--- RECORDS FOR THE TASK Enclosed Below ---

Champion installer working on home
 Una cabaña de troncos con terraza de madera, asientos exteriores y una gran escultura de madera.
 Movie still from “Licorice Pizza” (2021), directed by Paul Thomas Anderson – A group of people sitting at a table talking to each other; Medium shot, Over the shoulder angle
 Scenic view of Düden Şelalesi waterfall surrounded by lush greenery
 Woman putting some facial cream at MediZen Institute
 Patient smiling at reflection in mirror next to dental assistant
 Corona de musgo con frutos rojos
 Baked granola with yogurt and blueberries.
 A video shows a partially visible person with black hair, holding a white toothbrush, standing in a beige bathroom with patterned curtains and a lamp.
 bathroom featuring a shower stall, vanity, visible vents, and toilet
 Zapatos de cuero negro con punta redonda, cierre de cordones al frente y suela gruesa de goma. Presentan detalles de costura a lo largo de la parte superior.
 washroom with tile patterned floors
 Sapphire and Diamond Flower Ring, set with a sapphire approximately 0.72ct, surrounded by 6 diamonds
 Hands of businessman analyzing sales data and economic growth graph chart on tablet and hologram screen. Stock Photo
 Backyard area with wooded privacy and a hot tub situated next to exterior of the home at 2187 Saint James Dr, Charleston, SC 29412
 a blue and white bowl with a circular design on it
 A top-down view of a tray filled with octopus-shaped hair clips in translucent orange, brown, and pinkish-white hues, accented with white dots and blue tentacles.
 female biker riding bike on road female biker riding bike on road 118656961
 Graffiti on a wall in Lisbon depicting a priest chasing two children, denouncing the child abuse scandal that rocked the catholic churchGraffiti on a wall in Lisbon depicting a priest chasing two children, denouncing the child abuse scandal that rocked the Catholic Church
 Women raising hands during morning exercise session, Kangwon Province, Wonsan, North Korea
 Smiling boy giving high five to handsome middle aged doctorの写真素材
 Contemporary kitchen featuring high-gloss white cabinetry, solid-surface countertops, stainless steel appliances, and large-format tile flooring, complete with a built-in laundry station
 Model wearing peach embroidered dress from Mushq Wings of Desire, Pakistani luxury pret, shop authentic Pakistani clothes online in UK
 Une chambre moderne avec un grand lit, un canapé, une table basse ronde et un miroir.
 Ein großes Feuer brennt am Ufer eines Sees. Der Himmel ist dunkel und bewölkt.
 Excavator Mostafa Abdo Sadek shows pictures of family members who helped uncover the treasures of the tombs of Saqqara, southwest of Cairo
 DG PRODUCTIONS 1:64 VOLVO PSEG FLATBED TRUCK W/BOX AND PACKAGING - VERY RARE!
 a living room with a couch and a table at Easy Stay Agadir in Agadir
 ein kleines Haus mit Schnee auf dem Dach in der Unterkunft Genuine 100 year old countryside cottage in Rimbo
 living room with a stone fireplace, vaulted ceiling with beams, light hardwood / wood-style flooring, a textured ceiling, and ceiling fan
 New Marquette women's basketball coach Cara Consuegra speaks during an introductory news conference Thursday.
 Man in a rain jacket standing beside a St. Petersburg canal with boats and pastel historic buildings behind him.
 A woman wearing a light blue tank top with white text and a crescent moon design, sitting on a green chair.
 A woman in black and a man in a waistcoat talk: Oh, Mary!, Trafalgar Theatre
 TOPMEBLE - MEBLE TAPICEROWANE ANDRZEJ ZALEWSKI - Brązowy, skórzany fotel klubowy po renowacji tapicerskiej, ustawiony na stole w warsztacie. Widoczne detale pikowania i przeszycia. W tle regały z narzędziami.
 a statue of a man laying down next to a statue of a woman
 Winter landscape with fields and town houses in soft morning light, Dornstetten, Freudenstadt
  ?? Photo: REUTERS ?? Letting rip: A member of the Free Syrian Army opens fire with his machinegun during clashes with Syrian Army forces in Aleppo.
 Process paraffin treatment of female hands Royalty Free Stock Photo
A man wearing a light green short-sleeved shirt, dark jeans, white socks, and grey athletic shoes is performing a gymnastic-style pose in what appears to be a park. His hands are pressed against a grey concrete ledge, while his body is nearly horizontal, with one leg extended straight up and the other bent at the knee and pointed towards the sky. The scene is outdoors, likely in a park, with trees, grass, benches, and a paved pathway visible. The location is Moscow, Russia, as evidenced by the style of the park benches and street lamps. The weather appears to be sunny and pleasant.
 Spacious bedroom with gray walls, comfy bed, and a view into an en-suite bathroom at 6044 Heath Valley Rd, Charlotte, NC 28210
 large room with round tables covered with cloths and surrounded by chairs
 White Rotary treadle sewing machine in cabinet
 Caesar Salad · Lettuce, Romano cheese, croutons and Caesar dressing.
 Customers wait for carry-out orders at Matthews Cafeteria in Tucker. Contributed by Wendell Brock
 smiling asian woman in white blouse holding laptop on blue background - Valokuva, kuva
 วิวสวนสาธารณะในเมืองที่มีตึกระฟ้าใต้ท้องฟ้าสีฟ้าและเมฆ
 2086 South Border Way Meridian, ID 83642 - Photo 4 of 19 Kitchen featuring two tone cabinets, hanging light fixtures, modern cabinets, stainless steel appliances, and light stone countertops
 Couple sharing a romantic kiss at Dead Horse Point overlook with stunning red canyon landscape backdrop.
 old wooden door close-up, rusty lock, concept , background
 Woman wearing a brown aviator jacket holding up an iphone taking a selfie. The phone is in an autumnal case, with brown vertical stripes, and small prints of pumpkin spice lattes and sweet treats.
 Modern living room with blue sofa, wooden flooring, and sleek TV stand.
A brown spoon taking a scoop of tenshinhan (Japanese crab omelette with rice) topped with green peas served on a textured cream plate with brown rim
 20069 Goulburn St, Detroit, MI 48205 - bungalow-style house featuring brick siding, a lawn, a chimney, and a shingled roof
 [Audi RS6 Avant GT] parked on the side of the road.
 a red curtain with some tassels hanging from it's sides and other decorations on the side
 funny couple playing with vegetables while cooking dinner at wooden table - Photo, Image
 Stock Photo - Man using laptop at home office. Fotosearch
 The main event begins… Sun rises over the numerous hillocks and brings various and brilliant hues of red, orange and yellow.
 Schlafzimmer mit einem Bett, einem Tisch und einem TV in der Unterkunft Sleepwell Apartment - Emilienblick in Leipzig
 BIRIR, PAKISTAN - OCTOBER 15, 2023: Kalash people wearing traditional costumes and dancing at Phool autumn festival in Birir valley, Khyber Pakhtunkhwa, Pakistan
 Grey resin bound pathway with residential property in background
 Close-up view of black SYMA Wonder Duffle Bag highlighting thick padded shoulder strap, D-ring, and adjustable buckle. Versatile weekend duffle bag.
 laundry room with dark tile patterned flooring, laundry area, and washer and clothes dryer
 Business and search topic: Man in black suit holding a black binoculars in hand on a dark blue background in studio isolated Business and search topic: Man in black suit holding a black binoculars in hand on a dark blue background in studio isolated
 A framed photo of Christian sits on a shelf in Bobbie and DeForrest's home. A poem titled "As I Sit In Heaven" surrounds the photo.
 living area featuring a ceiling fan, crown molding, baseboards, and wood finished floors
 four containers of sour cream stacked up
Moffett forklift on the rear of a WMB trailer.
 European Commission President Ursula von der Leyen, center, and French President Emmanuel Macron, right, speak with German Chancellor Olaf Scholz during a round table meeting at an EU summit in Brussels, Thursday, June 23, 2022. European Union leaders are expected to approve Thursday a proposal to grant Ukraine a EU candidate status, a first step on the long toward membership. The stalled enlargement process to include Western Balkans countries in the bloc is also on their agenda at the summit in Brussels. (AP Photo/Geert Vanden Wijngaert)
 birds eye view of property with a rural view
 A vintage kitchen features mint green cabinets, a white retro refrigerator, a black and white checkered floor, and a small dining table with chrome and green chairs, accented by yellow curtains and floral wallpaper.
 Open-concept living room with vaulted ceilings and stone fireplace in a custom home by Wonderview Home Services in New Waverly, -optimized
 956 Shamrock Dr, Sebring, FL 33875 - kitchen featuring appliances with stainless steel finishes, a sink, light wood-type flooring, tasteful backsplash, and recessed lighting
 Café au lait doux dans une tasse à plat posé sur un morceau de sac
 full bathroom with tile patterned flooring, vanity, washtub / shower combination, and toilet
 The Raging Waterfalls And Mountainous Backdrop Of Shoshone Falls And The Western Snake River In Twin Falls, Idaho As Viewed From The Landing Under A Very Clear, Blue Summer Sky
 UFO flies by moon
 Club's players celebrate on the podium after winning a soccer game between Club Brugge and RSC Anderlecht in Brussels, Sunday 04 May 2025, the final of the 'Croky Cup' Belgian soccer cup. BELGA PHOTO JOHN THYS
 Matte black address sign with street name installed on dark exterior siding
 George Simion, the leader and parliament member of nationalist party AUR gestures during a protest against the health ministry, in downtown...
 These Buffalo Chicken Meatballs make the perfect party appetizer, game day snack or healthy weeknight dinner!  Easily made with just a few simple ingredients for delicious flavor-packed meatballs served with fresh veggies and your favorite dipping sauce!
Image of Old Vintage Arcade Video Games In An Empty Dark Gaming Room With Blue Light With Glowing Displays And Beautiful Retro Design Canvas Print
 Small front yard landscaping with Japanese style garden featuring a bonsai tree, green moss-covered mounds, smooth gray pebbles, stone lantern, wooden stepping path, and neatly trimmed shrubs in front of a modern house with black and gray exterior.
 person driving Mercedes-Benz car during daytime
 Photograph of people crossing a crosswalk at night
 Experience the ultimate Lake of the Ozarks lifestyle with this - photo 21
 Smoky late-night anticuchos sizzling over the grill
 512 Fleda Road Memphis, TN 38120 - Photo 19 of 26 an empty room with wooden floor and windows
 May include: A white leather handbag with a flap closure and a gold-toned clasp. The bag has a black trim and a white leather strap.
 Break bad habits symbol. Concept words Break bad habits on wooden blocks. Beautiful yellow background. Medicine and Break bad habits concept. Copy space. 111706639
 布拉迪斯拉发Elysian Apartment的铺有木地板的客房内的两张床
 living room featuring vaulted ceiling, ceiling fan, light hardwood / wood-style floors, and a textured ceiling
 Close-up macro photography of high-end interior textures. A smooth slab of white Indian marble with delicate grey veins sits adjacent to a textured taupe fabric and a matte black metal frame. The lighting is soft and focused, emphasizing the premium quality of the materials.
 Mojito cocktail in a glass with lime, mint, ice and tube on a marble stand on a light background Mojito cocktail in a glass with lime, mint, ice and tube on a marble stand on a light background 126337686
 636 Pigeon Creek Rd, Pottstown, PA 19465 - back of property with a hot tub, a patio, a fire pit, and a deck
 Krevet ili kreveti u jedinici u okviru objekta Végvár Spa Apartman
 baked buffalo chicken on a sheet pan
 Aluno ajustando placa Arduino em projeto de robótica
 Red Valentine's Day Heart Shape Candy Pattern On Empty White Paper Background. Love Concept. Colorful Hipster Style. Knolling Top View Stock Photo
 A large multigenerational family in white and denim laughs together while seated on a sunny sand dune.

--- End of Enclosed RECORDS FOR THE TASK ---

WORK REQUIRED: Where a line in the records above contains the word "shower", copy that line.

RESPONSE AREA:
 bathroom featuring a shower stall, vanity, visible vents, and toilet
 full bathroom with tile patterned flooring, vanity, washtub / shower combination, and toilet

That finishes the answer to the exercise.